A renaissance of rare-earth ions as viable gain media in integrated photonics

08.07.2022 - New device based on silicon nitride photonic integrated circuits generates a record output power.

Erbium-doped fiber amplifiers (EDFAs) can provide gain to the optical signal power in optical fibers, often used in long-distance communi­cation fiber optic cables and fiber-based lasers. Invented in the 1980s, EDFAs are arguably one of the most important inventions, and have profoundly impacted our infor­mation society enabling signals to be routed across the Atlantic and replacing elec­trical repeaters.

What is interesting about erbium ions in optical communi­cations is that they can amplify light in the 1.55 mm wavelength region, which is where silica-based optical fibers have the lowest transmission loss. The unique electronic intra-4-f shell structure of erbium – and rare-earth ions in general – enables long-lived excited states when doped inside host materials such as glass. This provides an ideal gain medium for simul­taneous ampli­fication of multiple infor­mation-carrying channels, with negligible cross-talk, high tempera­ture stability and low noise figure. 

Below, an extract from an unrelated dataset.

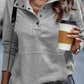 Ribbed Hem Snap Button Neckline Sweatshirt with Pocket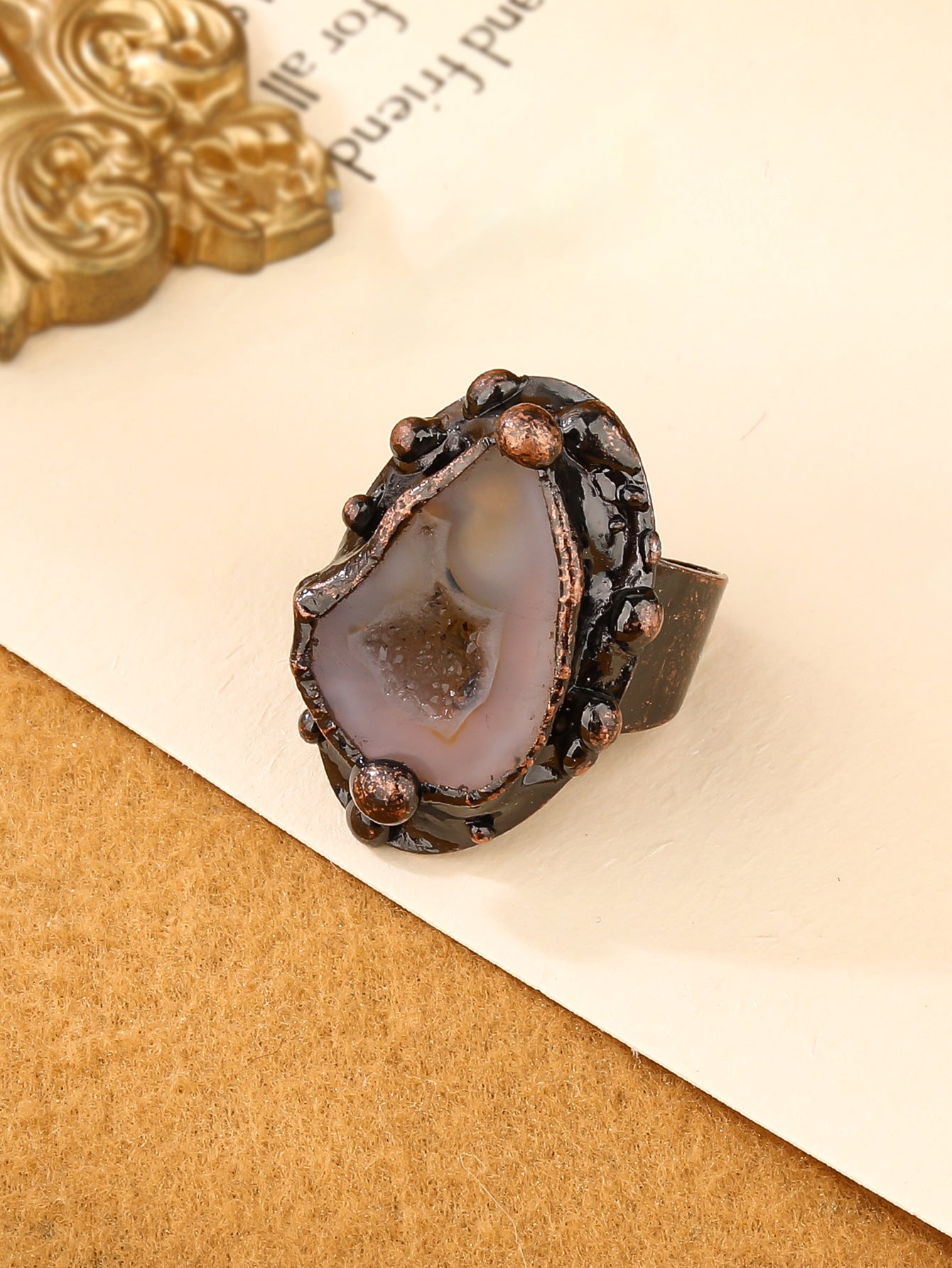 Black Agate Geode Ring with Copper Electroformed Setting for Grounding and Protection  "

Optical amplification is also used in virtually all laser appli­cations, from fiber sensing and frequency metro­logy, to industrial applications including laser-machining and Lidar. Today, optical amplifiers based on rare-earth ions have become the workhorse for optical frequency combs, which are used to create the world’s most precise atomic clocks. Achieving light amplifi­cation with rare-earth ions in photonic integrated circuit can transform integrated photonics. Already in the 1990s, Bell Laboratories were looking into erbium-doped waveguide amplifiers (EDWAs), but ultimately abandoned them because their gain and output power could not match fiber-based amplifiers, while their fabrication doesn’t work with con­temporary photonic inte­gration manu­facturing techniques.

Even with the recent rise of integrated photonics, renewed efforts on EDWAs have only been able to achieve less than 1 mW output power, which is not enough for many practical appli­cations. The problem here has been high waveguide background loss, high cooperative upconversion – a gain-limiting factor at high erbium concentration, or the long-standing challenge in achieving meter-scale waveguide lengths in compact photonic chips.

Now, researchers at EPFL, led by Tobias J. Kippenberg, have built an EDWA based on silicon nitride (Si3N4) photonic integrated circuits of a length up to half meter on a millimeter-scale footprint, generating a record output power of more than 145 mW and providing a small-signal net gain above 30 dB, which translates to over 1000-fold amplifi­cation in the tele­communication band in continuous operation. This performance matches the commercial, high-end EDFAs, as well as state-of-the-art hetero­geneously integrated III-V semi­conductor amplifiers in silicon photonics.

“We overcame the longstanding challenge by applying ion implantation – a wafer-scale process that benefits from very low coopera­tive upcon­version even at a very high ion concen­tration – to the ultralow-loss silicon nitride integrated photonic circuits,” says Yang Liu, a researcher in Kippenberg’s lab. “This approach allows us to achieve low loss, high erbium concen­tration, and a large mode-ion overlap factor in compact waveguides with meter-scale lengths, which have previously remained unsolved for decades,” says PhD student Zheru Qiu.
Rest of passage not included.